-- INFORMATION follows --

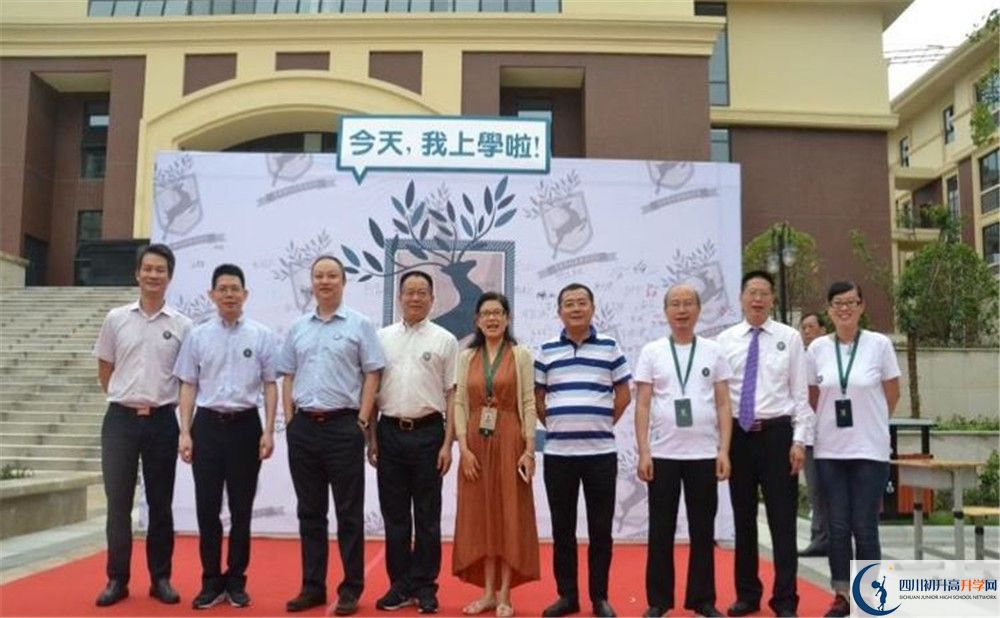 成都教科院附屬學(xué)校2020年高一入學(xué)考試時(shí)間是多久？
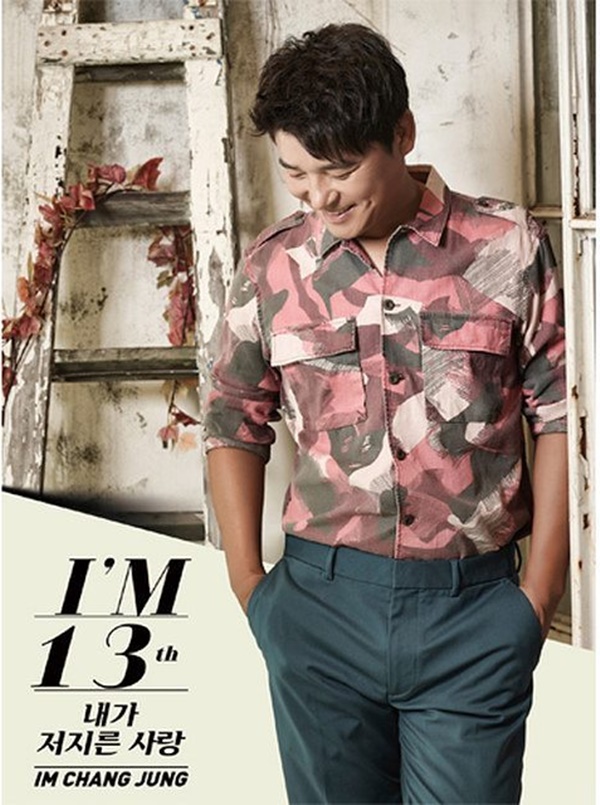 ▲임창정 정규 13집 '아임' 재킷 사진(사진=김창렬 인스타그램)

-- INFORMATION concluded --
-- INFORMATION follows --

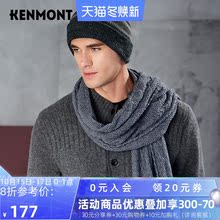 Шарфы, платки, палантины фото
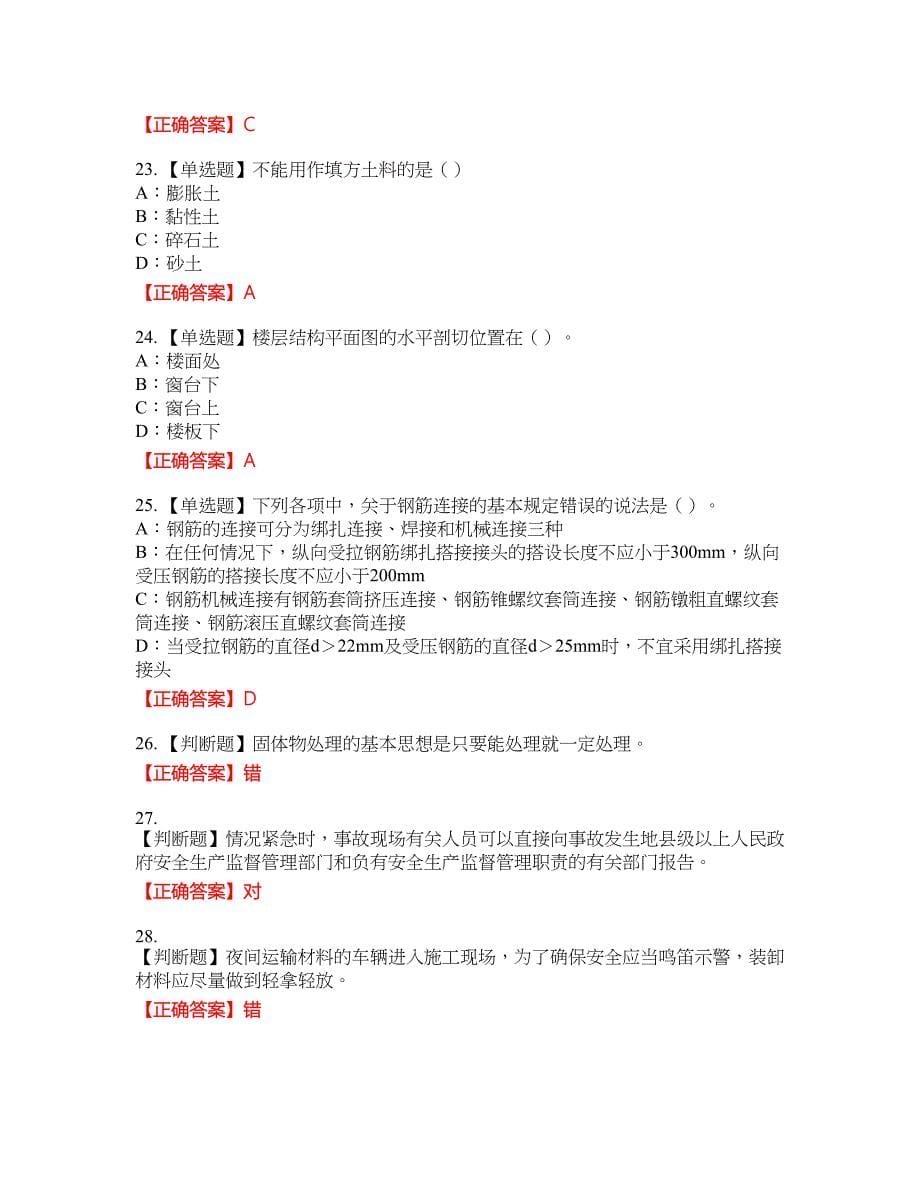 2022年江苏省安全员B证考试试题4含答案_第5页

-- INFORMATION concluded --
-- INFORMATION follows --

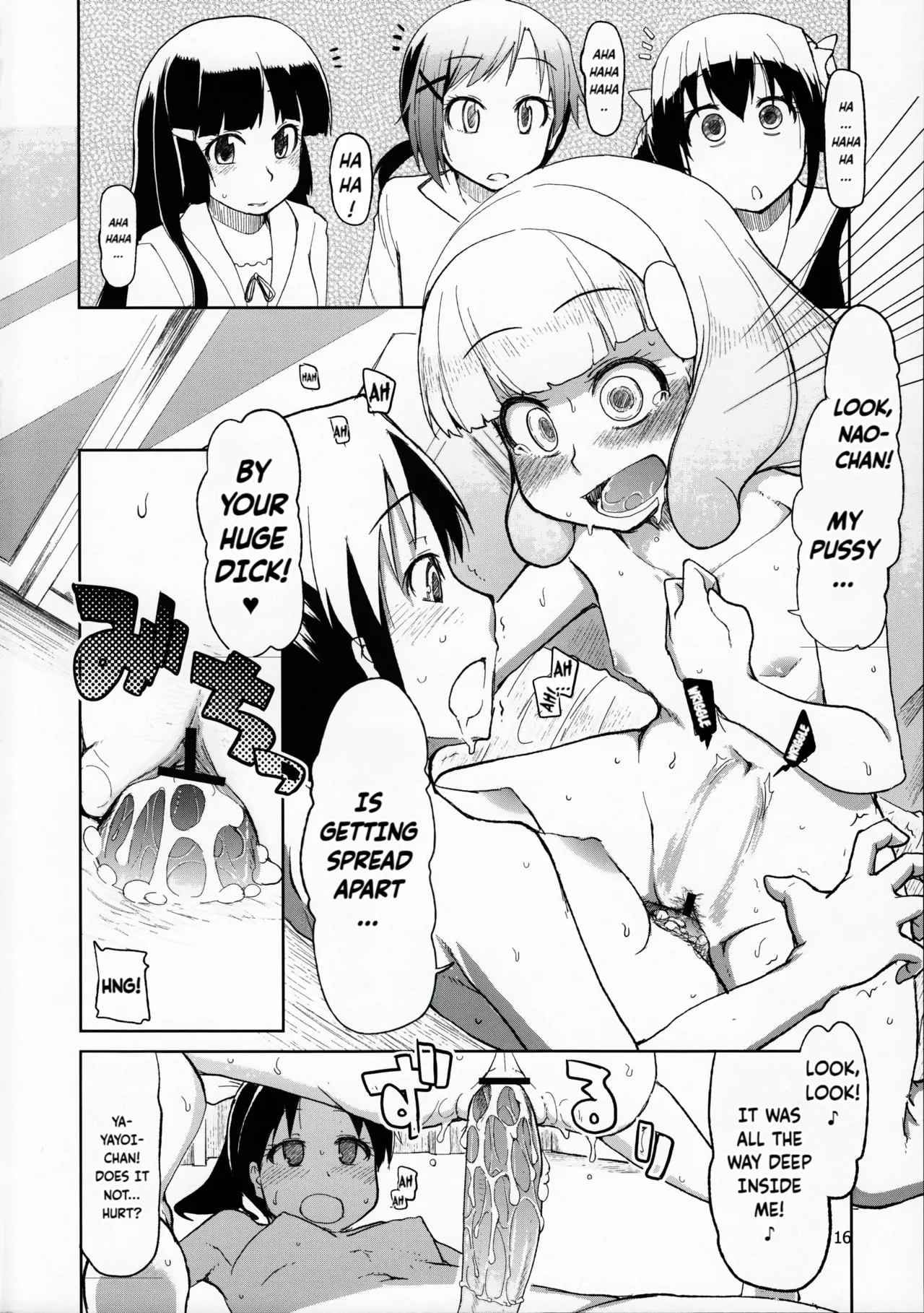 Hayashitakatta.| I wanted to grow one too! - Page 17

-- INFORMATION concluded --

[DIRECTIONS FOR THIS TASK]
Your answer should be the exact lines above from the one containing "成都教科院附屬學(xué)校" through the one containing "재킷 사진(사진=김창렬 인스타그램)", with both end lines kept and the pictures removed, please.

[RESPONSE BELOW]
 成都教科院附屬學(xué)校2020年高一入學(xué)考試時(shí)間是多久？
 ▲임창정 정규 13집 '아임' 재킷 사진(사진=김창렬 인스타그램)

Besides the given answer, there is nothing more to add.